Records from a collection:

──────

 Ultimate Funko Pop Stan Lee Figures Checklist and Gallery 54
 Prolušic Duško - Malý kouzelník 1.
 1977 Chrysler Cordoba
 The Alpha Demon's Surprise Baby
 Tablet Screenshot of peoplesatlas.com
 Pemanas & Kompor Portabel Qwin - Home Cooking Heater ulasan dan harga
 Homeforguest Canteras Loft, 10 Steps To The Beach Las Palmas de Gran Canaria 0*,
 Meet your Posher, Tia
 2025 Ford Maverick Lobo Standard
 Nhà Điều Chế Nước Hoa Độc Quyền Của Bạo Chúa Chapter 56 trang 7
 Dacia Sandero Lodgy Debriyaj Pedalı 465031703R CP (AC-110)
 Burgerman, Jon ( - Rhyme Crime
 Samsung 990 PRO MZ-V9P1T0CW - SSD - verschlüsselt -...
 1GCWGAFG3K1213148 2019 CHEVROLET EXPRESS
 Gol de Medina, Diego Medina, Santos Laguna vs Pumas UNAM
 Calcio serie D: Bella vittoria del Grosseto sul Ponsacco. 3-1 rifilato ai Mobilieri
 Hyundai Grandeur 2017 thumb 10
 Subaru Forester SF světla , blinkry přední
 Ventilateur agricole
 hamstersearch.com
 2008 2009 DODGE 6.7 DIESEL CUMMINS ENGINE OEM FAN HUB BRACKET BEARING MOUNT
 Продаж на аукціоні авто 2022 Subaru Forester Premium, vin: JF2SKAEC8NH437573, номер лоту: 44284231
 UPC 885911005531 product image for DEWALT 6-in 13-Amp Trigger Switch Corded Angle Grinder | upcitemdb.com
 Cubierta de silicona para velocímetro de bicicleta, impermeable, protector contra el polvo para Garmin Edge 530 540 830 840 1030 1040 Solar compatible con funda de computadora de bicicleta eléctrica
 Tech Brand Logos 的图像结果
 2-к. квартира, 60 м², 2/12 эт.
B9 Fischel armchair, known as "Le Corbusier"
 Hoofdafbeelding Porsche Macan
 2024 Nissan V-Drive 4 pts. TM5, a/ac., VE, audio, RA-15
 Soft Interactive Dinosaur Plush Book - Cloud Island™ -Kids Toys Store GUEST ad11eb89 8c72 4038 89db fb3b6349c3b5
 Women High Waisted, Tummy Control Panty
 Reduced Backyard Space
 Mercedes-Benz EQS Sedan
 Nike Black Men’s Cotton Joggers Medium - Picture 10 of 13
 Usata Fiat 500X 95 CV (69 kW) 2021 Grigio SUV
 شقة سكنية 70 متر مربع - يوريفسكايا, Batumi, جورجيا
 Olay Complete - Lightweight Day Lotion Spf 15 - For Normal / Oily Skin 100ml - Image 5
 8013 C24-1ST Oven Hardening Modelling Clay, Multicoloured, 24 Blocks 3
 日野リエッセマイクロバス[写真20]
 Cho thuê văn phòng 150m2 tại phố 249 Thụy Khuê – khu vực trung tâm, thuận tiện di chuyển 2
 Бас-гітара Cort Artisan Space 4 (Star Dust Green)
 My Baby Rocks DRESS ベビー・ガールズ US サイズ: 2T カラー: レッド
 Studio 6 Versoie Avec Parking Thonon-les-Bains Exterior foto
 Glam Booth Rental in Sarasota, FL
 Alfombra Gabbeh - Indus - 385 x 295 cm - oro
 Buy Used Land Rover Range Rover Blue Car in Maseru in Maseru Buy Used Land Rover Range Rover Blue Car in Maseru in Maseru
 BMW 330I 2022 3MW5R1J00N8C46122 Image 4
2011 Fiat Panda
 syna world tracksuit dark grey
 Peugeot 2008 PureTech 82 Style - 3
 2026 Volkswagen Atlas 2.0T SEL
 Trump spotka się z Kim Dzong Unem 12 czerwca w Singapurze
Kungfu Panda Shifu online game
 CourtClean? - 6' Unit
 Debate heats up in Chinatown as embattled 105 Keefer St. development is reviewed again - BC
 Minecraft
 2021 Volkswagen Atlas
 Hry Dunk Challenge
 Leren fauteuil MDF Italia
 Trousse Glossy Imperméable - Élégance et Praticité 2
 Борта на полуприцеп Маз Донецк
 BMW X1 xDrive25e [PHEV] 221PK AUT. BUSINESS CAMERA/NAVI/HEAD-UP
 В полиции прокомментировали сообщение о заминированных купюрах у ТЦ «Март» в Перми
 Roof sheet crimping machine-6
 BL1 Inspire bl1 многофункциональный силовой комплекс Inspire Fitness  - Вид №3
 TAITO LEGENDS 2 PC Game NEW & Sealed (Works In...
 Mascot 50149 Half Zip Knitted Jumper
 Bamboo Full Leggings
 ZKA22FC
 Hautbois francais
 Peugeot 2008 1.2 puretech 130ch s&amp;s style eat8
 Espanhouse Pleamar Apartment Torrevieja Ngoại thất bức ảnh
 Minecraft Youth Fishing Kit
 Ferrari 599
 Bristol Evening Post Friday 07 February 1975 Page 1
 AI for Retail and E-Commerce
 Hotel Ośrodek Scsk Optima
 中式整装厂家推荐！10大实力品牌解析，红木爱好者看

──────

- **REQUIRED WORK**:
Reproduce every line in the data that has the word "Forester" in it.

- **SOLUTION BELOW**:
 Subaru Forester SF světla , blinkry přední
 Продаж на аукціоні авто 2022 Subaru Forester Premium, vin: JF2SKAEC8NH437573, номер лоту: 44284231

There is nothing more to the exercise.